Студенты вяло потянулись за ней.
— Только она странная немного, — забегая вперед, предупредила Лидочка, — Понимаете, она — комбайнер, молоденькая…
— Веди, веди, — не останавливаясь, подтолкнула Лидочку доцент. — Там разберемся.
— Вот. — Лидочка поправила одеяло на больной, а Рада Ивановна хозяйской рукой одеяло это откинула и, быстро окинув взглядом худенькие плечи, уткнула фонендоскоп сперва в верхушку сердца, потом легкими касаниями пластмассового уха прошлась под ключицей и снова вернулась к верхушке.
— Раздвоение второго тона, — сказала она для студентов. — Ритм перепелки. Сколько лет? — скользнула она по лицу больной взглядом.
— Двадцать, — поспешила ответить Лидочка. — Понимаете, я и сама слышу ритм перепелки…
— Знаете, что такое ритм перепелки? — вскинула голову к студентам Рада Ивановна. — Кто-нибудь слышал, как кричит перепелка? Перепелка кричит: «так-та-та, так-та-та». Вроде как «спать пора, спать пора!». Сердечный же ритм, как мы знаем, — так-так-так. Когда этого не слышно — налицо раздвоение второго тона, и в медицине это называется ритмом перепелки.
— Что вы, доктор, — приподнялась на локте больная, — перепелка не кричит, кричит перепел! И вовсе не «спать пора», а «любить пора!». — Брови ее в изумлении приподнялись: доктор, а не знает.
— Так вот. Ритм перепелки, — с нажимом повторила Рада Ивановна.
— Лидия Андреевна, но кричит перепел! — воскликнула девушка.
— Хорошо, Анечка, перепел, — положила руку на ее плечо врач.
— Ну, милая, во всех справочниках указан именно ритм перепелки! — усмехнулась Коробейникова. — Послушайте-ка, — обратилась она к студентам, — здесь явно слышно: так-та-та, так-та-та.
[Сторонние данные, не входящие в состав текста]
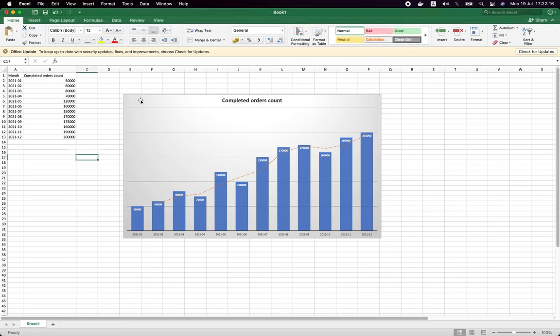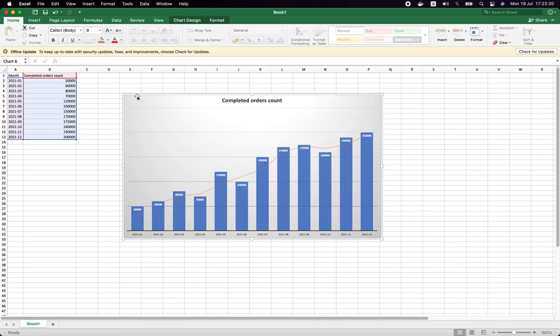I will show you how to make a chart in Excel in 30 seconds. It will look like this at the end.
— Не дам, — нахмурилась Анечка. — Уходите! Все уходите! — И она отвернулась к стене, закрывшись наглухо одеялом.
— Константинов, принесите справочник. Там, в столе у меня. Аня, а вы не упрямьтесь, — потянула к себе одеяло Коробейникова. — Послушаем и станем лечить. Важен диагноз и правильное лечение, а не термин.
— У-хо-ди-те, — раздельно донеслось из-под одеяла. — Уходите! — крикнула Анечка, вскидываясь вместе с одеялом.
Быстро вошел в палату Константинов.
— Рада Ивановна, я нашел. Вот, действительно написано: «Ритм перепелки», — радостно сияя, доложил он.
— Пусть, пусть, пусть написано! — выкрикнула Анечка. — Может, сердце и кричит перепелкой, такой перепелкой, когда она ждет перепела, а вокруг нее, как беда, комбайн. Кругами, кругами! От края к центру, кольцом кольцом. А перепел кричит, зовет ее из беды этой: «так-та-та, так-та-та!» А она ему из беды — песни, песни! — Аня кричала, из глаз ее падали крупные слезы.
Лидия Андреевна в ужасе бросилась к ней, уложила, высоко подняв подушки, крикнув сестре: «Корглюкон!» — и все гладила Аню по голове, успокаивая, бросая взгляды на Коробейникову, как бы моля: «Уходите, ну пожалуйста!»
— Нельзя тебе, Анечка, так волноваться, — успокаивала больную Лидия Андреевна.
— Всем, всем надо волноваться, — внезапно успокоившись, тихо сказала Анечка.
Вспышки словно не было, и ничего, казалось, не выдавало болезни Анечки. Только внезапно посинели ее резко очерченные полные губы. Лидия Андреевна только их и видела, обеспокоенно находя пульс.
— Лидия Андреевна, перепелка должна только петь и радоваться, — улыбнулась Анечка. — Понимаете? Когда наоборот, у нее раздвоение второго тона. Если сердце все время кричит, только кричит за двоих и совсем не поет — ему трудно. Понимаете? — почти шепотом сказала Анечка.